Title: Re: NAFPS Highly Recommends...
Post by: Ganieda on April 04, 2006, 11:57:12 pm
Two recommendations I would make are Canadian. ? "Dancing with a Ghost" by Rupert Ross for reading ... and for music, Susan Aglukark http://www.susanaglukark.com/ ?
Title: Re: NAFPS Highly Recommends...
Post by: frederica on April 05, 2006, 01:33:28 am
Joy Harjo has both the poetry and recordings.  Ulali, Annie Humphrey, Buffy St. Marie and Gordon Lightfoot are also good. frederica
Title: Re: NAFPS Highly Recommends...
Post by: Ganieda on June 14, 2006, 02:03:01 pm
One category not mentioned here is that of film and movies.  I highly recommend the movie: Atanarjuat

Atanarjuat is Canada's first feature-length fiction film written, produced, directed, and acted by Inuit peoples of Arctic Canada. The place is the eastern arctic wilderness at the dawn of the first millenium. Evil in the form of a mysterious, unknown shaman enters a small community of nomadic Inuit and upsets its balance and spirit of cooperation. The stranger leaves behind a lingering curse of bitterness and discord.

Atanarjuat gives international audiences a more authentic view of Inuit culture and oral tradition than ever before, from the inside and through Inuit eyes.

http://atanarjuat.com/index1.html
Title: Re: NAFPS Highly Recommends...
Post by: debbieredbear on June 14, 2006, 04:34:58 pm
Atanarjuat  is a great film! My Inupiat friends especially liked it because they did not need to read the subtitles. :)
Title: Re: NAFPS Highly Recommends...
Post by: Liam on October 21, 2006, 10:02:51 am
hi there,

I was surprised to see a reference to Harvey Arden and his description of what he felt an Elder is. I don't take so much of an issue with what he says (or the people he quotes), but the way he goes about things. I have only read Dreamkeepers, and browsed Wisdomkeepers, but I do find him to be a bit of a pain.
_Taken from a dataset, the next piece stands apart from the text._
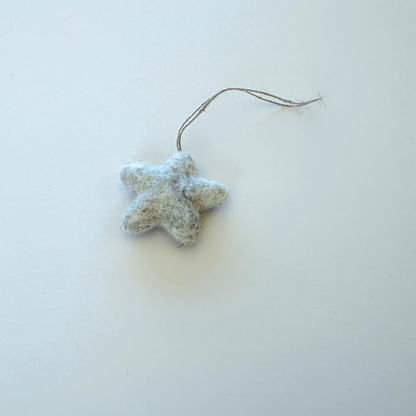 One tiny felt star decoration on a light background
In my thesis I guess you could say he ranks relatively well, but then again I am writing about Lynn Andrews and Marlo Morgan and I'm calling him "less-bad".

However, I'm not sure what he does is entirely different to what Morgan and Andrews do. He travells to a far away place to gather "wisdom" from people he consistently constructs as noble savages. The title he gives these people "Dreamkeepers" is one he hopes will stick. It obviously comes out of the the white construct called "the Dreamtime", and the idea continues to be a white construct - a white construct for white people in fact. Dreamkeepers (and I suspect Wisdomkeepers) is written for white people, about Indigenous people - the communities where he found his informants  I would doubt have much use for it, I doubt get any money out of it. He wrote as his dedication "This book is dedicated to the Aboriginal peoples of Australia, to Aboriginal peoples everywhere and the the Aboriginal in each of us' - it is the "Aboriginal in each of us" that I worry about - is this any different from white people's assertion to "walk the red road"? Or "I was called Cherokee Princess Eats too much Cake in a past life"?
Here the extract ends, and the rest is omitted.